[YOUR OBJECTIVE]: Go through the listing and set it down exactly, leaving out its pictures.

[DATA BLOCK]:
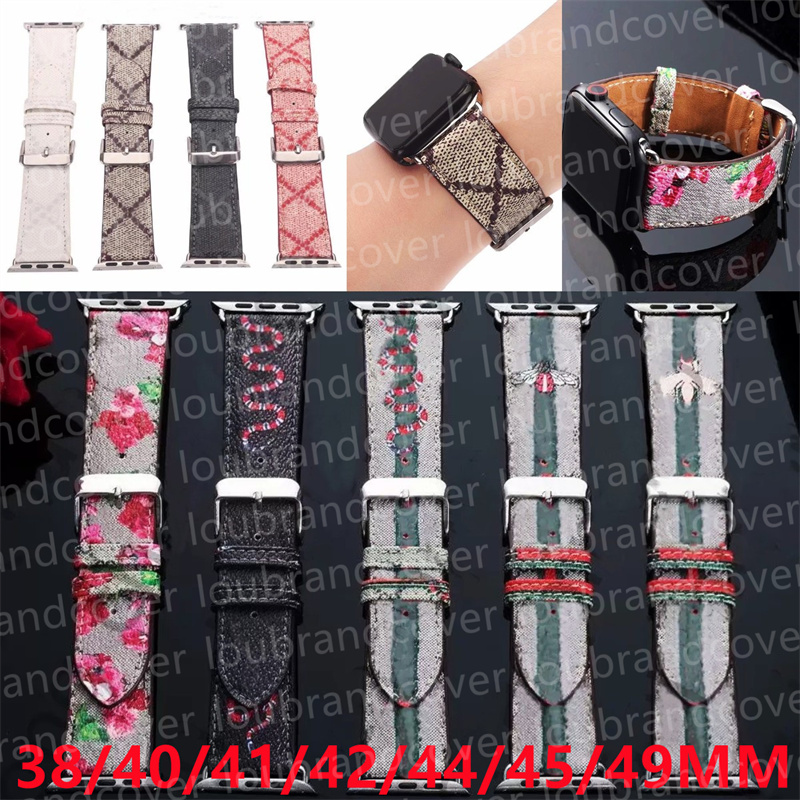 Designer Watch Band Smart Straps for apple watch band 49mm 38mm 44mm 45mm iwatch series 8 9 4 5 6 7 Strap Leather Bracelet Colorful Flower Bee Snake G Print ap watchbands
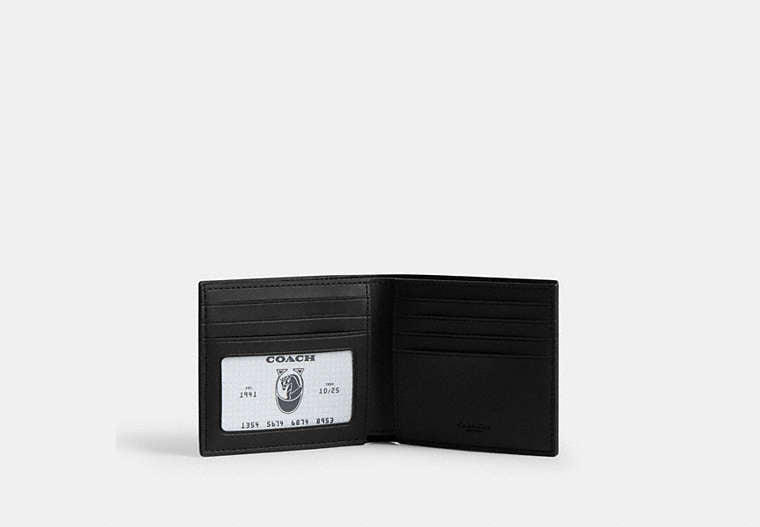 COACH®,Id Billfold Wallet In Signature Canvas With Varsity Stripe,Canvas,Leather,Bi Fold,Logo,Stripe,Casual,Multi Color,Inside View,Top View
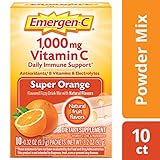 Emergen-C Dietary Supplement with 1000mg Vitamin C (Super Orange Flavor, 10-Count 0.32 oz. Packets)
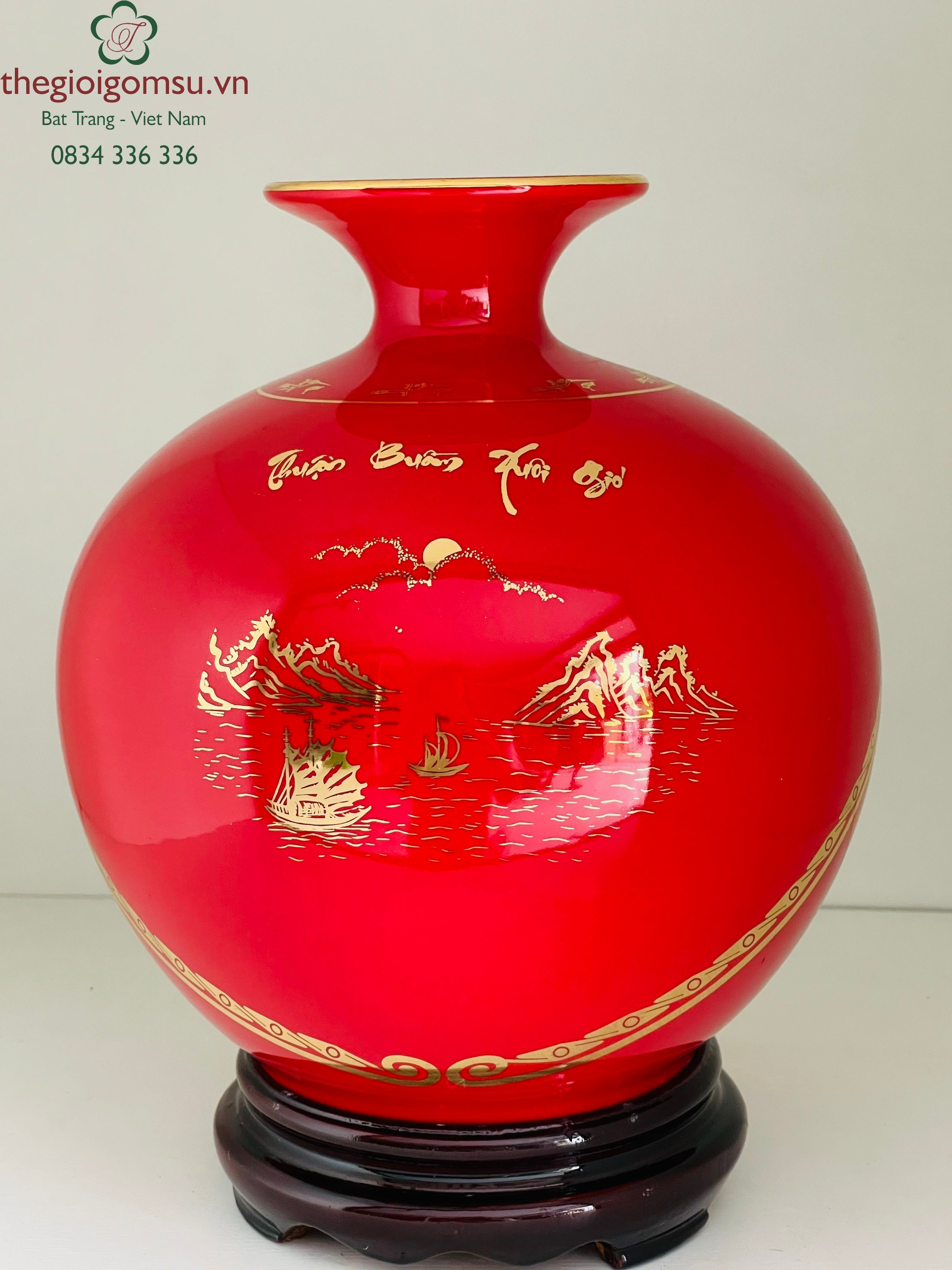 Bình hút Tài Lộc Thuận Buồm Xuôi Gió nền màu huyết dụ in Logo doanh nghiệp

[EXERCISE SOLUTION]:
 Designer Watch Band Smart Straps for apple watch band 49mm 38mm 44mm 45mm iwatch series 8 9 4 5 6 7 Strap Leather Bracelet Colorful Flower Bee Snake G Print ap watchbands
 COACH®,Id Billfold Wallet In Signature Canvas With Varsity Stripe,Canvas,Leather,Bi Fold,Logo,Stripe,Casual,Multi Color,Inside View,Top View
 Emergen-C Dietary Supplement with 1000mg Vitamin C (Super Orange Flavor, 10-Count 0.32 oz. Packets)
 Bình hút Tài Lộc Thuận Buồm Xuôi Gió nền màu huyết dụ in Logo doanh nghiệp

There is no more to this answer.